Del resto, Luca Maestri il rappresentante italiano della Apple si vanta che la Major ha pagato soltanto lo 0,005% di tasse in Irlanda sulla ricchezza prodotta. Forse, per Renzi, si tratta semplicemente di un incantamento adolescenziale per la Silicon Valley: bello il clima, la natura ma quel luogo, in verità è divenuto una centrale ideologica con il suo sistema di valori! Più di ogni cosa, costoro vogliono rendere il mondo un posto migliore ma non pagano decentemente i loro dipendenti. I nuovi schiavi di Uber, Airbnb, etc., hanno tutti gli oneri dell’imprenditore, ma senza alcuna partecipazione agli utili come sub contractor. Per Civati non si tratta di alimentare la retorica sul sovranismo, ma semplicemente di affermare che alcuni diritti e valori non devono andare perduti: è giusto essere pagati equamente per il proprio lavoro. L’Europa non funziona perché i vertici della Ue godono dei vantaggi dei paradisi fiscali. C'è chi, come alcuni ricchi uomini di affari russi, va a Malta e Cipro e si compra la cittadinanza europea! Si crea così la catena del disvalore, perché poi se ti lamenti dello 0,005 che ti pago sui miei guadagni, posso sempre fare la stessa cosa da un'altra parte!

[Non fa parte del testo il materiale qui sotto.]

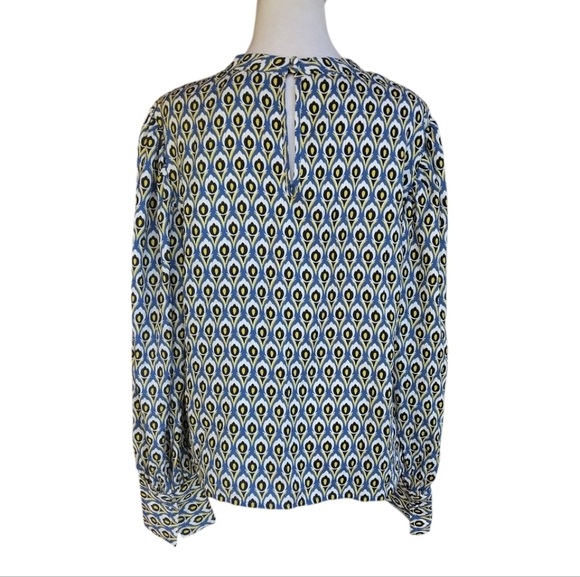 Cupcakes & Cashmere Blue Mod Print Bishop Sleeve Button Cuff Blouse Large NWT - Picture 4 of 8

È vero che Airbnb è un modo per avere un piccolo reddito aggiuntivo. Ma perché abbiamo avuto bisogno di arrotondare? Staglianò cita suo padre e la sua famiglia monoreddito, che non aveva nessun bisogno di ricorrere ai lavoretti! Nel Web 2.0 i contenuti sono prodotti dagli utenti, come il caos informativo che Google si incarica di organizzare come fosse un captcha (test fatto di una o più domande e risposte per determinare se l'utente sia un umano e non un computer o, più precisamente, un bot). Facebook ha capitalizzato il chiacchiericcio mettendo un prezzo sull’amicizia e sulle relazioni tra persone. Piattaforme che fanno marketing come Uber fanno sì che a loro restino i guadagni mentre gli altri si prendono l'onere del lavoro e del rischio. Per Civati, va interrotto questo perverso meccanismo fiscale: le tasse, quelle giuste, vanno pagate dove si fattura e si crea reddito di impresa. Bisogna finirla con assurdità, come quella di acquistare da Ibm i dati personali per utilizzarli nella sanità, invertendo la proprietà delle cose!